What is not immediately obvious is the impact Lucy’s choices have on her family, as well as Kate and Chip’s marriage. Thayer leads the reader to an uneasy suspicion about the consequences of Lucy’s actions that is, tragically, eventually confirmed. Rather than providing a shocking, unforeseen plot development, Thayer provides one that is predictable. The reading pleasure comes not from guessing the outcome, but observing how the characters deal with it once it is revealed.

That is where Between Husbands and Friends falters. Lucy is compelled to reveal the truth for the sake of all concerned. The reactions of the other characters do not ring true, however, especially in Max’s case. His behavior is inconsistent with the man the reader has come to know up to that point. Since he has a well-documented history of depression that leads to withdrawal, his response is not believable and, for that reason, Thayer allows her story to slide into the kind of melodramatic cliche from which she had, at least up to that point, judiciously steered clear. To her credit, it is mercifully brief and the novel, as a whole, survives her foray into a plot detour worthy of any daytime soap opera.

Between Husbands and Friends is ultimately an exploration of two key themes: What it means to be a parent and love an innocent child unconditionally, despite what the adults in that child have intentionally or unintentionally wrought; and our capacity to forgive when we truly love. Thayer’s thesis — that human relationships can survive virtually any challenge if they are, at the outset, strong enough — is explored through the story of four flawed adults who, despite their shortcomings, care for each other deeply but love their children boundlessly. That is why Lucy is, from the reader’s perspective, a forgivable “every woman.” As parents and marital partners, the reader can relate, if not to Lucy’s specific behavior, to her self-doubt and smaller scale failures. Between Husbands and Friends succeeds because it is fun to read about characters to whom one can relate on a variety of levels, all the while realizing that, despite one’s own problems, at least they aren’t as monumental as those the characters are facing. Thayer also wisely brings the story to a believable, but not full resolution, leaving the reader to ponder the characters’ fate. Humpty Dumpty’s pieces can be glued back in place, but there will always be visible lines where those pieces of him were fit neatly back together. So, it seems, it will be with Lucy, Max, and company.
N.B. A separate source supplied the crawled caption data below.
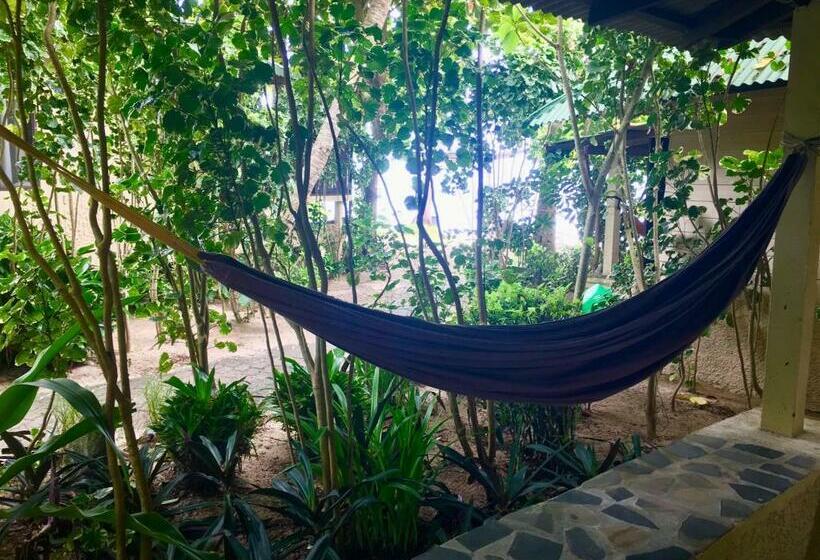 منتجع Seetanu Bungalows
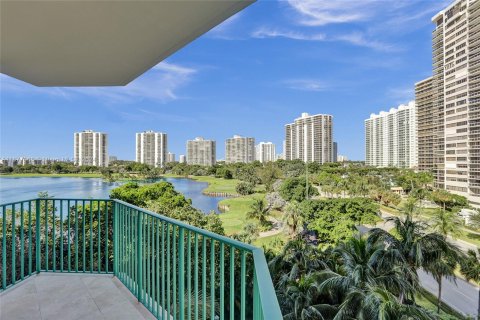 Condo in Aventura, Florida, 3 bedrooms  № 1402897 - photo 3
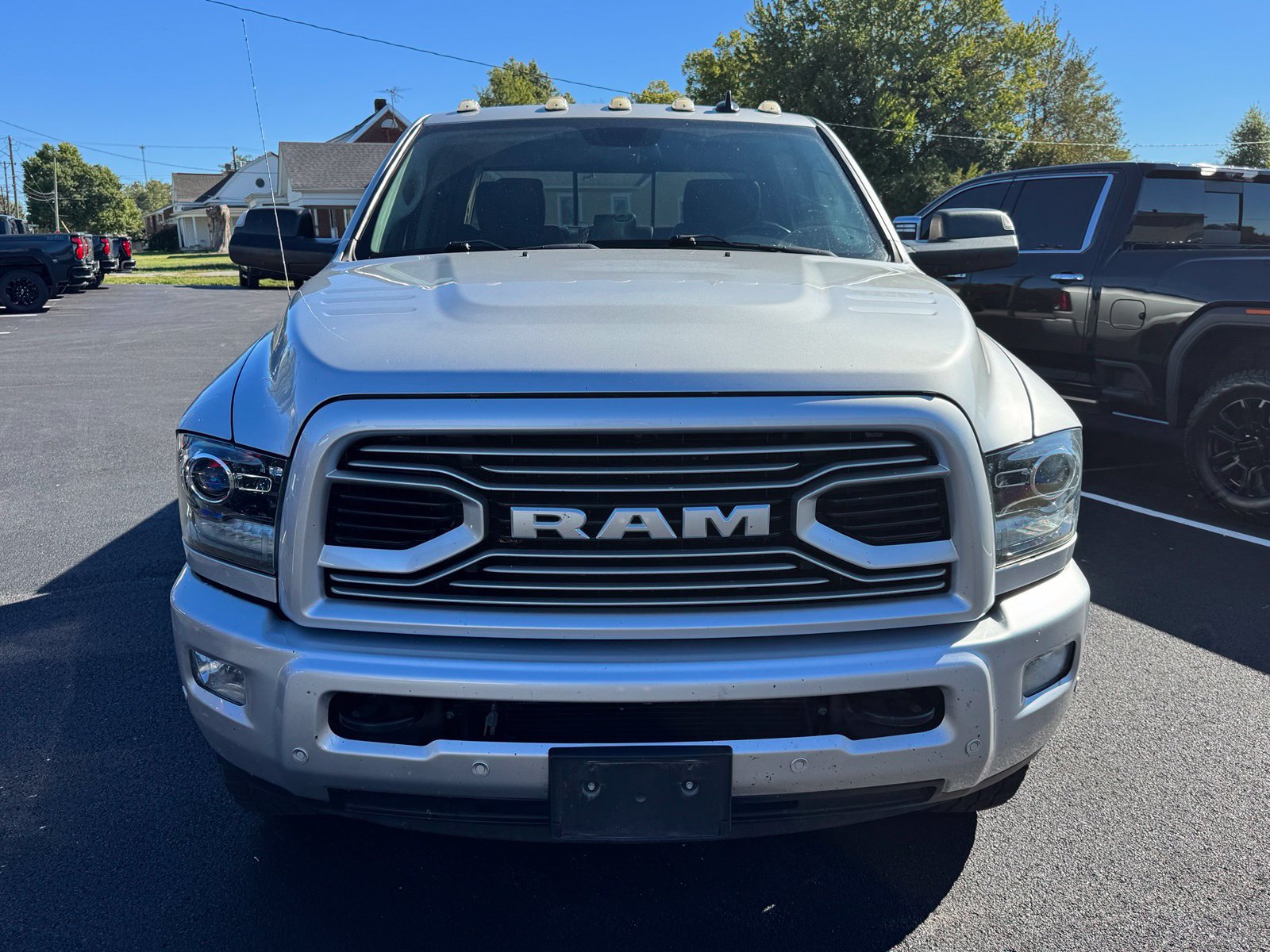 Used 2018 RAM 2500 Laramie w/ Sport Appearance Group AWD/4WD image 9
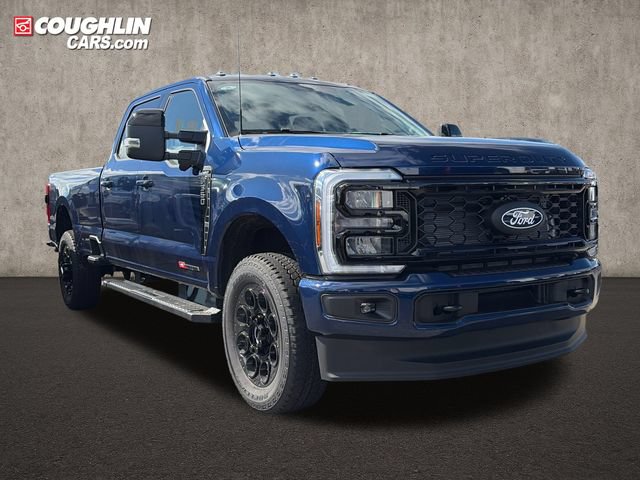 New 2027 Ford F350 Lariat w/ Black Appearance Package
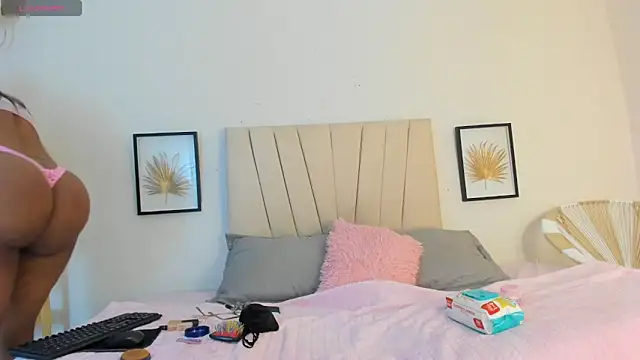  Miaa khalifa  online show from February 25, 2026, 12:27 pm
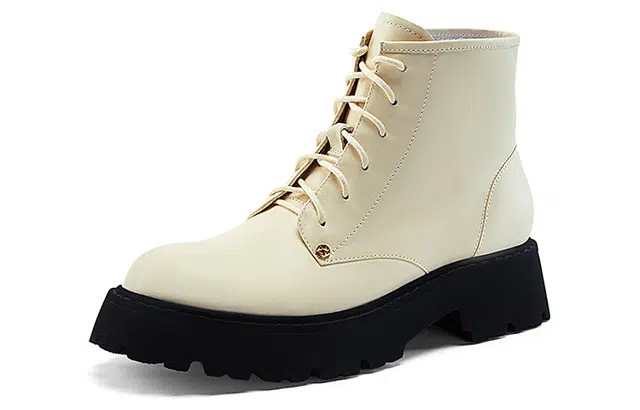 NINE WEST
If you’re looking for an engrossing book about the frailty but resilience of human relationships to read this summer while on the beach, by the pool, on a mountain top . . . or while enjoying the shade of a lovely tree in your own backyard, Between Husband and Friends fits the bill.

You may also enjoy my reviews of Beachcombers and The Hot Flash Club, also by Nancy Thayer.

8 Comments

  1. I had read one other book that was told in present time and then flashbacks thru alternating chapters and loved it. It is a tool to propel the reader forward and also, if there was the chance, an easy adaption for stageplays.
    I am anxious to hear about “Tattoos On The Heart”; both the name and cover imagery have me captured!

    XXOO!!
    Anne

  2. Thanks for participating in The Saturday Network!

    And, wow, very thorough review. Not my type of book, but thanks anyways. (:

  3. Ah! This book does seem like an engrossing one!

    Your statement about how it is fun to read about characters with bigger problems than your own is how I used to explain my long-ago love of soap operas! LOL!

    Thanks for such a well thought out review!

    • JHS

      Ah, soap operas . . . brings back memories of evenings spent rewinding a videotape & sitting down to watch my very dear, late friend, Clint Ritchie as “Clint Buchanan” on “One Life to Live.” Those were fun times. These days, it seems like the airwaves are filled with soap operas, but not the daytime variety we loved back then. Now it’s reality tv soap opera drama!